I challenge you to come up with a system that works based upon ANY other criteria!  All you naysayers out there where is your exchange system?  It’s takes little effort to throw stones but much to create a system that all parties will be happy with.  100% transparency and 100% neutral is what RW should be striving for – I don’t know how dedicated they are to these goals.  So far my only criticism is in the poor quality control of offers compared to the benchmark rental rate.  In the case of my two actual deposits RW was just a few bucks off.


----------



## PerryM

eoneguru said:


> As I posted earlier, I submitted the following for week 42 and week 51 in 2008 and got identical offers.
> 2 BR Lock-off
> The whole unit, sleeps 6 - 1917
> The 1 BR, sleeps 4 - 1434
> The Studio - 984
> 
> After some research, the only resonable comparison to rental rates I could find was on the resorts web site. I know this is dangerous but, *if we assume RW points = dollars * then, RW was plus $139 on the whole unit; plus 6$ on the 1BR and minus $24 on the studio. The resort doesn't compensate for the time of year and, in this case, RW doesn't either.
> 
> Ray



Q.E.D. Would be my answer.


----------



## eoneguru

PerryM said:


> Q.E.D. Would be my answer.



Perry ... if you mean _"quod erat demonstrandum"_, that is one way to look at it. Just remember that I was comparing RW's offers to the resorts rental schedule. I did see other listings that were $200 to $500 below the RW offer.

Ray


----------



## PerryM

*Spot on...*



eoneguru said:


> Perry ... if you mean _"quod erat demonstrandum"_, that is one way to look at it. Just remember that I was comparing RW's offers *to the resorts rental schedule*. I did see other listings that were $200 to $500 below the RW offer.
> 
> Ray



This is EXACTLY what RW should be doing - using the resorts' published rental rates if they are available.  This is a published rate that is outside of RWs influence.  If this is not available then rental agencies like Orbitz, Travelocity, etc.  After that then sources like TripAdvisor where historic rates are mentioned by folks who actually paid the rental rate.  Then, finally, RW should consult with it's historic database of folks advertising on RWs rental section.

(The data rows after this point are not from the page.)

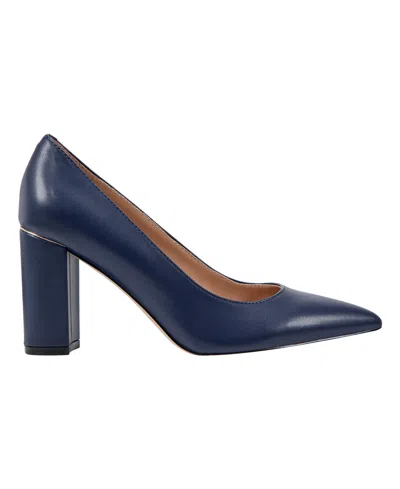 Marc Fisher Zala Block Heel Pump In Blue
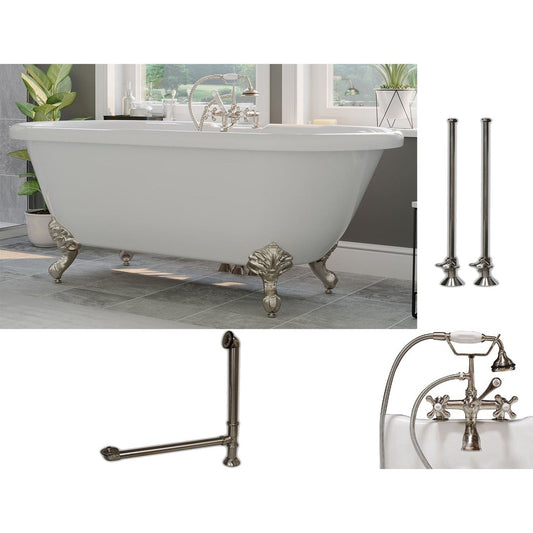 Cambridge Plumbing 70" White Acrylic Double Ended Clawfoot Bathtub With Deck Holes And Complete Plumbing Package Including 2” Riser Deck Mount Faucet, Supply Lines, Drain And Overflow Assembly In Brushed Nickel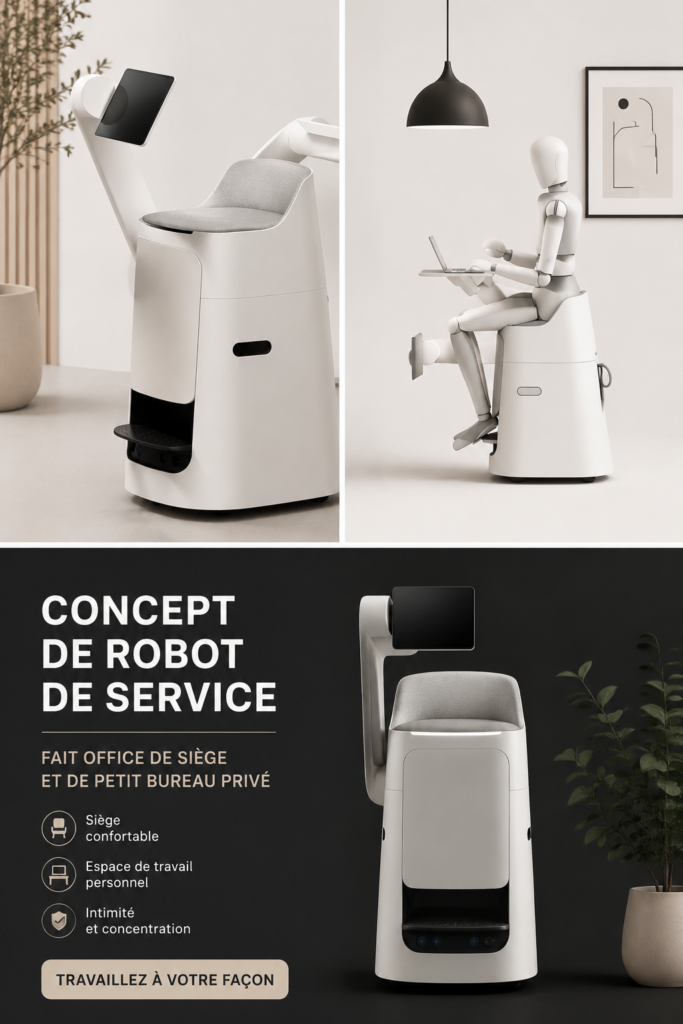 Un meuble innovant combinant une chaise et un bureau pour un espace de travail optimisé.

The whole idea is to base the worth of an exchange NOT on RW's opinion but by the free market's opinion - which is ONLY rental rates charged or paid.


II and RCI just make up any worth of an exchange that allows for an exchange - they don't get paid until an exchange is made.  This is why the insanity of upgrades - this should NEVER happen in an exchange where honesty and a level playing field are the key tenets of the system.

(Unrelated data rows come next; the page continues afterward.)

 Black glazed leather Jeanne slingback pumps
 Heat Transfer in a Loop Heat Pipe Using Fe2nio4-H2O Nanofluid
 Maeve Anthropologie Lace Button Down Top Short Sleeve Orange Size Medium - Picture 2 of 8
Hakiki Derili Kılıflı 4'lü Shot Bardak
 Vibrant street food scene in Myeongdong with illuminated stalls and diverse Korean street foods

This is exactly the reason II and RCI will NEVER release trading power (TP) - it's too easy for us to spot them cheating and lowering the TP so they can cause an exchange to happen and fatten their bottom line which results in a little more for the stockholders.  Every time you get an upgrade either in size or holiday season II and RCI messed around with TP to force an exchange and the following exchange fee - every time.  Of course to those who rely on this cheating it's a great game to play.


----------



## eoneguru

Perry ..... you are getting very close to making a convert of me. I, like many others, would like to see this thing work. I've learned a lot form this thread and, even though it has gone off on a few tangents, it has been a good experience. Being one of the new guys on the block, I must defer to the judgement of you old(long)timers. I think that you, Carolinian, BocaBum99 and Jya-Ning should get together, rent yourselves out to RW and run this program for them. I'm sure you guys could come up with a good, fair and realistic system.

Ray


----------



## Carolinian

Still nothing but the same old speculation.  I still don't see any facts in your post, just guesses.  Indeed, we have seen a number of examples in this thread that would refute the speculation that RW points are based on rental rates.  Prime weeks and pink weeks just do not rent for exactly the same rate in the real world.  If they try to price them the same, the good weeks will be rented and the mediocre weeks will sit on the shelf, and of course that market factor should also be programmed into any fair system of trading power.  The less desirable week should be reduced in value to the point that it becomes desirable at that value.




PerryM said:


> Just because you don’t have a clue what RW is doing is no reason to assume others here are in the same quandary.
> 
> Marriott rental rates are real – you might get a slight discount if they have duplicates but if not you will have to pay those rates.  This MUST be the basis of their Point system – there is no other basis that I can think of.  Other exchange companies, like R2R, do exactly the same thing – calculate a rental rate for a unit on a specific week and even a view.
> 
> This independent assessment of worth is what RW’s Point system is all about.  With this they can incorporate condo-hotels, whole ownership units from VRBO, heck even other things to rent like RVs and house boats.  This allows for the 100% substitution of US dollars for RW Points.
> 
> EVERY unit deposited in RW MUST be based upon a verifiable rental rate that someone either charges, like Marriott, or Orbitz, or it might be based upon historical rentals that RW has observed owners of identical units charge now or in the resent past.
> 
> I challenge you to come up with a system that works based upon ANY other criteria!  All you naysayers out there where is your exchange system?  It’s takes little effort to throw stones but much to create a system that all parties will be happy with.  100% transparency and 100% neutral is what RW should be striving for – I don’t know how dedicated they are to these goals.  So far my only criticism is in the poor quality control of offers compared to the benchmark rental rate.  In the case of my two actual deposits RW was just a few bucks off.


----------



## PerryM

*Like the T-Rex said "Evisceration is a lot of fun"*



eoneguru said:


> Perry ..... *you are getting very close to making a convert of me*. I, like many others, would like to see this thing work. I've learned a lot form this thread and, even though it has gone off on a few tangents, it has been a good experience. Being one of the new guys on the block, I must defer to the judgement of you old(long)timers. I think that you, Carolinian, BocaBum99 and Jya-Ning should get together, rent yourselves out to RW and run this program for them. I'm sure you guys could come up with a good, fair and realistic system.
> 
> Ray




Thanks, but I'm not really trying to convert folks - just present my interpretations of their system.  As with many things in the timeshare world there is a lot of "Connecting the dots" - I've presented my views.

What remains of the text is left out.